[XML] well-formedness & validation / section 4.2.8.1

Regarding the discussion point on section 4.2.8.1:

"The altered content MUST be well-formed"and "The altered content SHOULD 
validate to an appropriate published formal grammar".

Doubts have been expressed that the first sentence brings anything to the
guidelines. Here are the arguments pro.

1. One intent of the CTG is to make sure that CT-proxies deliver correct 
content to terminals. Well-formedness is a formal, easily testable way to 
express this; this is justification to keep the requirement, all the more so 
since the XML standard states that violations of well-formedness are fatal 
errors (section 1.2).

2. There are good reasons not to impose the delivery of strictly valid markup
(hence SHOULD in the second sentence), but no cases have been found where 
syntactically incorrect XML (i.e. non well-formed form XML) is technically 
necessary to make a terminal browser operate properly. Hence, nothing is 
gained by suppressing the formulation on well-formedness.

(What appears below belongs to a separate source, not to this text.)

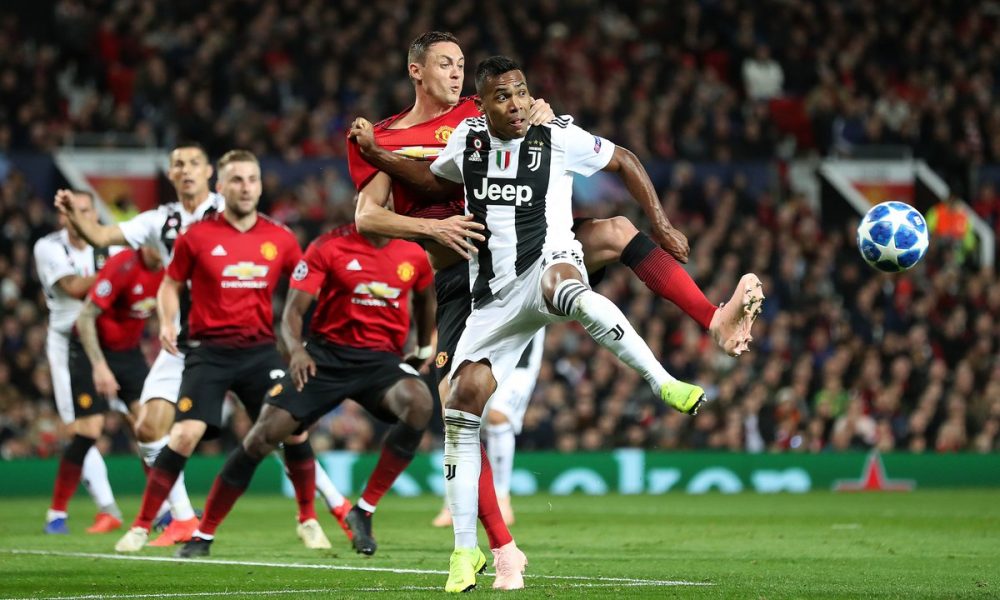 Manchester City considering move for Juventus left-back Alex Sandro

3. There are essentially two cases where it is admissible not to follow the
second guideline:
i. When there is no "appropriate published" grammar, notably because one is 
using proprietary extensions not formally expressed in a DTD.
ii. When a published formal grammar must be violated because of an erroneous
behaviour (quirks) in the device's browser.
If no requirement on well-formedness is imposed, there is formally no longer
any minimum requirement on the content delivered to terminals as soon as one
is freed, for whatever reason, from the (non-binding) validation guideline. So
either the CT-proxies should do the maximum, or they are formally allowed not
even to satisfy a minimum -- this is surely not the intent of CTG, but this is
what suppressing the first sentence amounts to.

4. Last but not least, there is a widespread expectation that content delivered
to terminals should be valid, but also a widespread, long-standing explicit 
requirement that it must be at a minimum well-formed. A sample of documents 
about this point is listed in the appendix.

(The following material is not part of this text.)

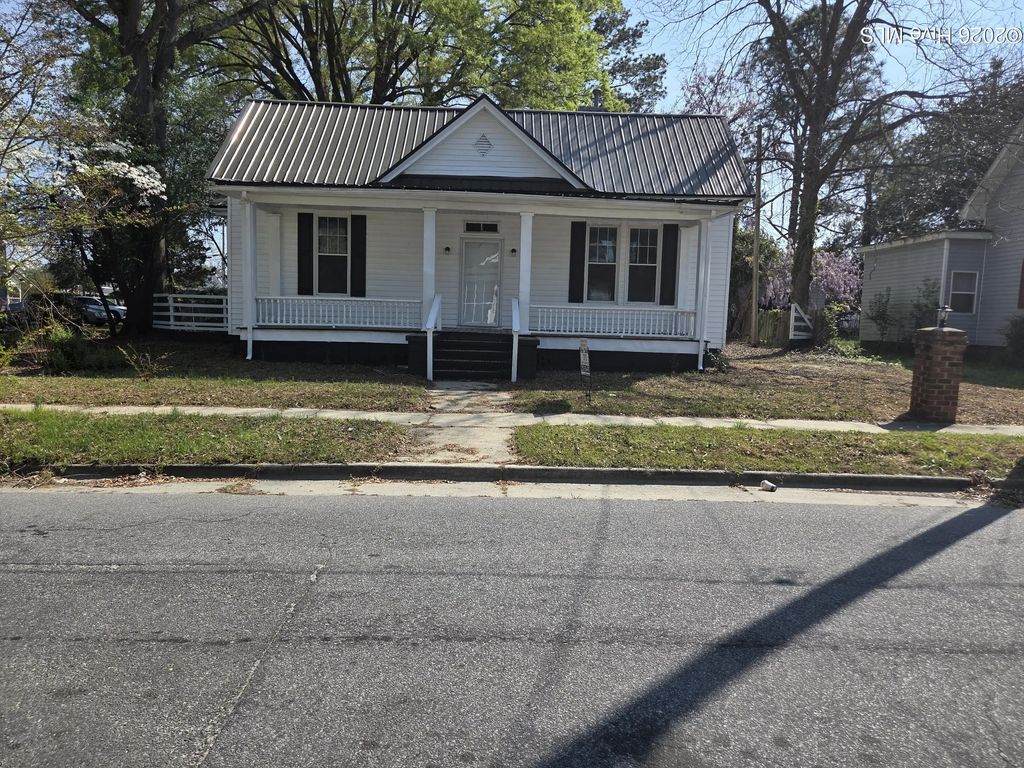 109 E Grainger Avenue, Kinston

Conclusion: The first statement above on well-formedness does not harm and 
does good. There are excellent reasons to enforce a minimum of syntactically 
correct content to be delivered to terminals, and no concrete reasons not to 
require it.


E.Casais
--------

Appendix: what guideline documents state about well-formedness and validation.


W3C: Mobile Web Practices, 2008. Section 5.4.7: "[VALID_MARKUP] Create 
documents that validate to published formal grammars. [...] If the page markup 
is invalid this will result in unpredictable and possibly incomplete 
presentation."

W3C: W3C mobileOK Basic Tests 1.0, 2008. Section 3.4: 
"[...] If the DOCTYPE refers to a known XHTML version, validate against 
that DOCTYPE and if invalid, warn. 
[...] If (regardless of its stated DOCTYPE) the document does not validate 
against the XHTML Basic 1.1 DTD: If (regardless of its stated DOCTYPE) it 
does not validate against the XHTML-MP 1.2 DTD, FAIL.
[...] If the Internet media type is "image/gif" or "image/jpeg", and the 
resource is not valid (see 2.4.9 Validity), FAIL.
[...] If the Internet media type is "text/css" and the content is not valid 
CSS (see 2.4.9 Validity), FAIL."
This proposed recommendation has the strongest wording of all documents, since
it requires validation -- also for linked resources.

RIM: BlackBerry Browser Version 4.3 Content Developer Guide, 2008. Section
"Creating XHTML-MP–compliant sites": "[...] Syntax: Although it uses many 
standard HTML tags, XHTML-MP follows XML syntax conventions. This means that,
unlike HTML, XHTML-MP content must be well-formed."
Section "WML design tips": "[...] Syntax: Use proper syntax. WML is an XML 
language; therefore, content must be well-formed."
Documents back to version 4.1 (2005) contain the same sentence. The document
on version 4.6 does not mention validation or well-formedness.

Google: Creating a Google-friendly site: Best practices, 2008. Section "Adding 
a mobile site to Google": "In addition, Google provides Webmaster Guidelines in
order to help webmasters design and configure sites in a way that Google can 
find, index and rank. [...] This page reiterates several of those guidelines 
and adds some new ones for mobile web sites.
-- Use well-formed markup (WML, cHTML, XHTML Basic or XHTML MP).
-- Validate your markup. For example, the W3C Validator can verify that your 
XHTML pages adhere to the markup's syntax.
-- Use the right DOCTYPE for the markup language you are using."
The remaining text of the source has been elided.